Problem to work on:
Write out the data word for word and drop any picture you find.

─── Material provided ───

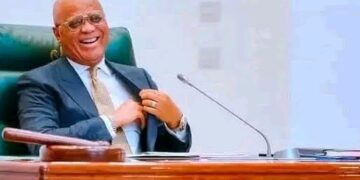 Eno Reaffirms Ibom Air Expansion Plan, Backs Uyo MRO Facility as Aviation Growth Strategy.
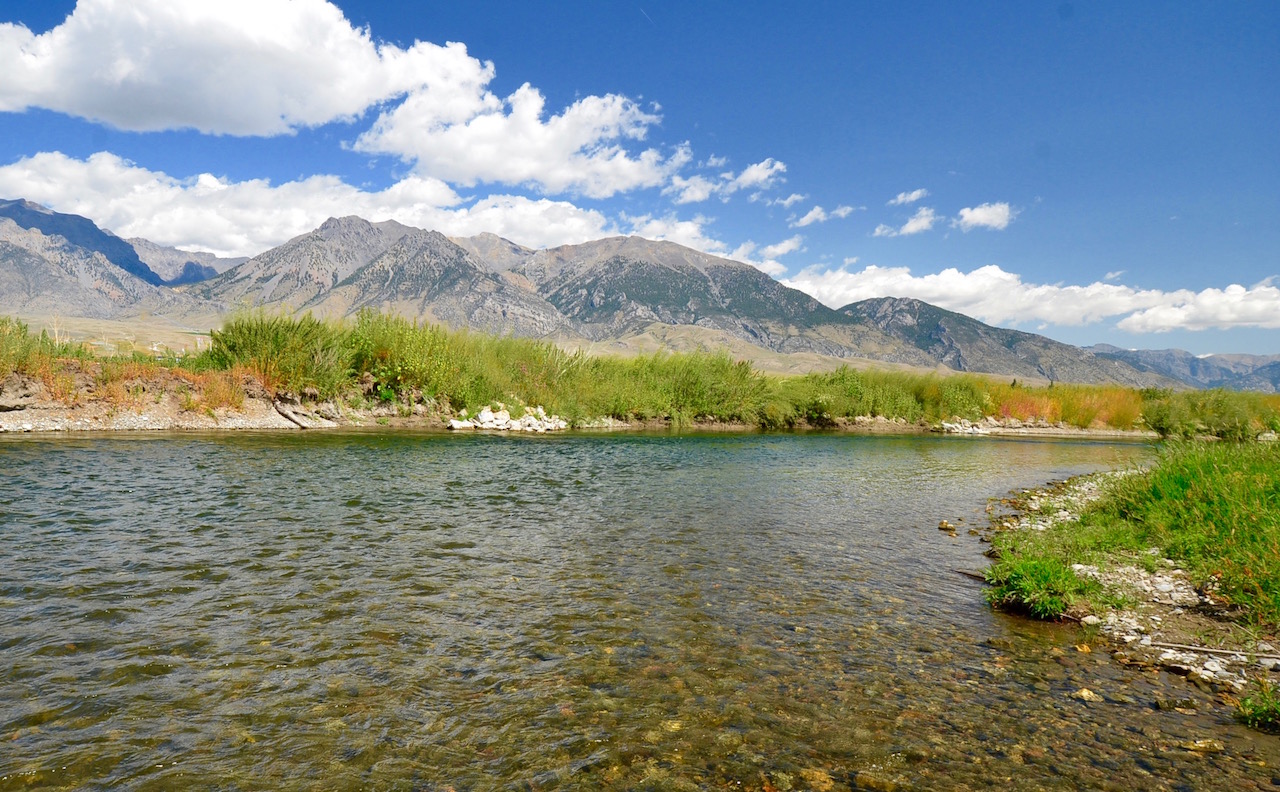 Big Lost River Sanctuary Sold Idaho Hall and Hall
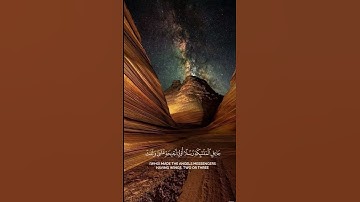سورة فاطر | #ياسر_الدوسري #اكسبلور #قران_كريم #راحة_نفسية #المصحف #dance #duet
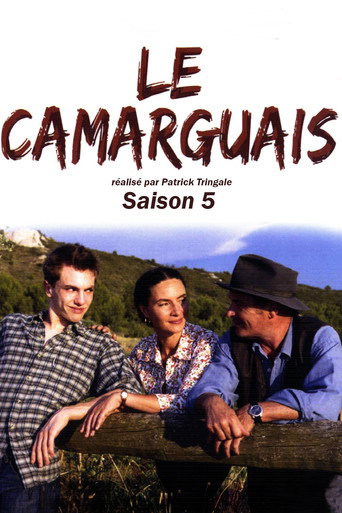 The poster for Season 5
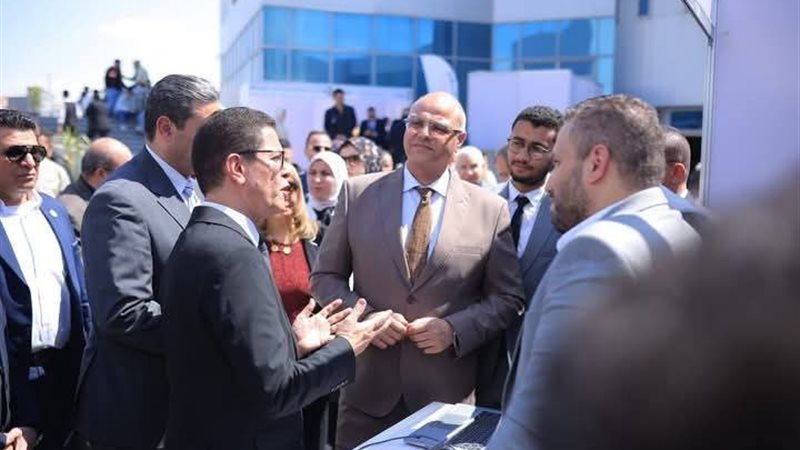 جانب من الفعاليات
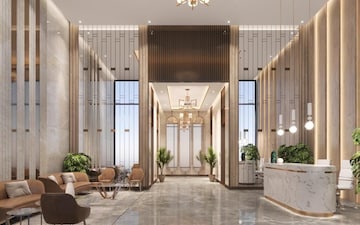 3 BHK Apartment For Sale in GeeCee Emerald, Kharghar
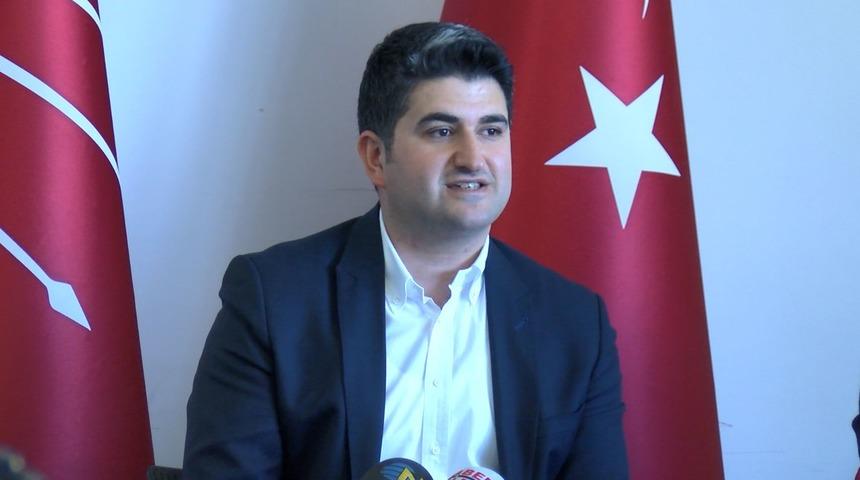 CHP'li Adıg&uuml;zel: Sandık g&ouml;revlisi sayımız 250 bin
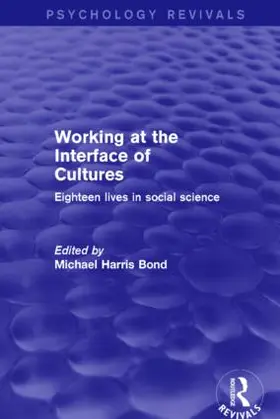Bond |  Working at the Interface of Cultures | Buch |  Sack Fachmedien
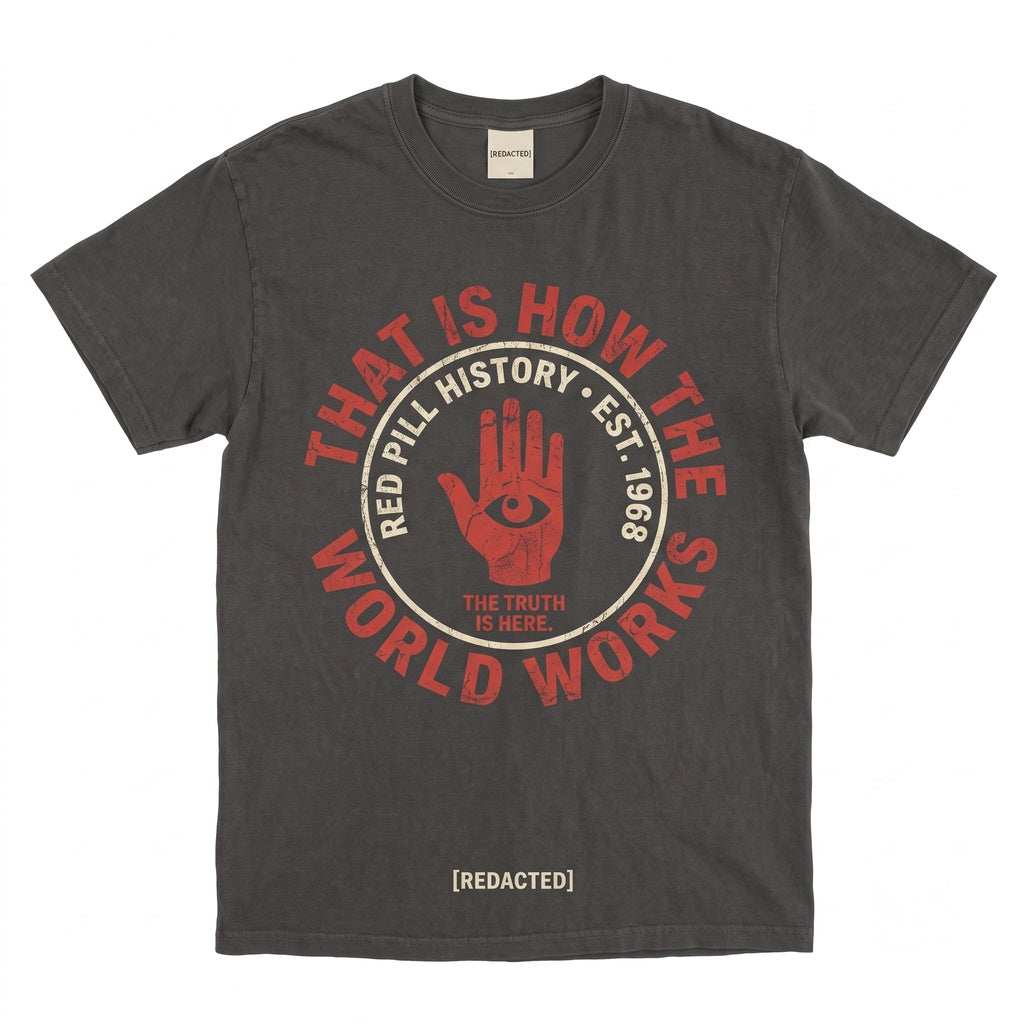 Socko Inside Welcome to the Internet Comedy Musical Red Graphic Cotton Unisex TShirt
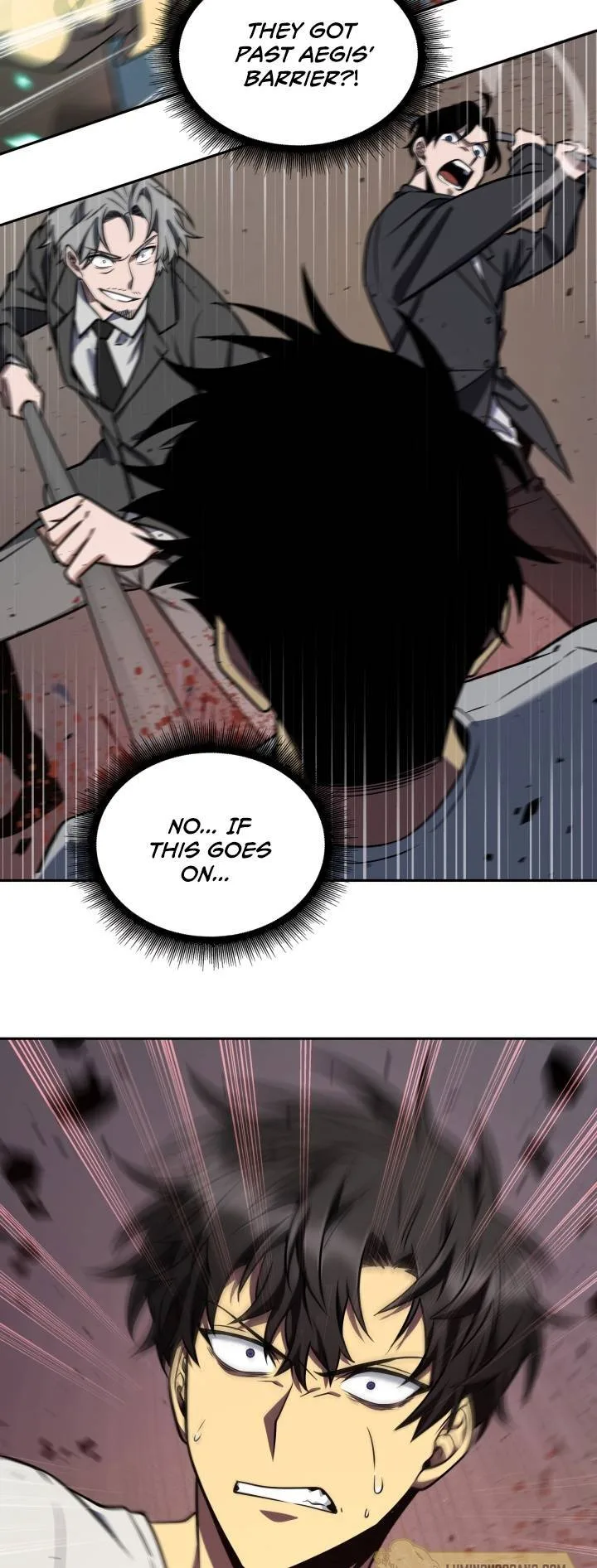 Tomb Raider King Chapter 237 page 29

───

Answer to this task:
 Eno Reaffirms Ibom Air Expansion Plan, Backs Uyo MRO Facility as Aviation Growth Strategy.
 Big Lost River Sanctuary Sold Idaho Hall and Hall
سورة فاطر | #ياسر_الدوسري #اكسبلور #قران_كريم #راحة_نفسية #المصحف #dance #duet
 The poster for Season 5
 جانب من الفعاليات
 3 BHK Apartment For Sale in GeeCee Emerald, Kharghar
 CHP'li Adıg&uuml;zel: Sandık g&ouml;revlisi sayımız 250 bin
Bond |  Working at the Interface of Cultures | Buch |  Sack Fachmedien
 Socko Inside Welcome to the Internet Comedy Musical Red Graphic Cotton Unisex TShirt
 Tomb Raider King Chapter 237 page 29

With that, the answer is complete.